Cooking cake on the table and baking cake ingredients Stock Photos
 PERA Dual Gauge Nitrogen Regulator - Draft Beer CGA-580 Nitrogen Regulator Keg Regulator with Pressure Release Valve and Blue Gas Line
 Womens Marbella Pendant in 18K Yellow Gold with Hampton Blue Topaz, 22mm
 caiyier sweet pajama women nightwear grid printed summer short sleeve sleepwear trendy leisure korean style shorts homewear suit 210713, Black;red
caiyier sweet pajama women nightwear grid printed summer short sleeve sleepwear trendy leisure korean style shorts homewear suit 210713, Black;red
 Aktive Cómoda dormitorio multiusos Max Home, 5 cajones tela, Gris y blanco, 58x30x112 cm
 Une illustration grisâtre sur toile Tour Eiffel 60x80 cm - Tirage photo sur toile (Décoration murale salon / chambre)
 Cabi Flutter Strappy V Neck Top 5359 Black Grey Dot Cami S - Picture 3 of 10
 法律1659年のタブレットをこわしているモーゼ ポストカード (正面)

──────

Among the lines of the data, identify those with the word "nightwear". Copy each of them.

— RESULT OF THE TASK —
 caiyier sweet pajama women nightwear grid printed summer short sleeve sleepwear trendy leisure korean style shorts homewear suit 210713, Black;red
caiyier sweet pajama women nightwear grid printed summer short sleeve sleepwear trendy leisure korean style shorts homewear suit 210713, Black;red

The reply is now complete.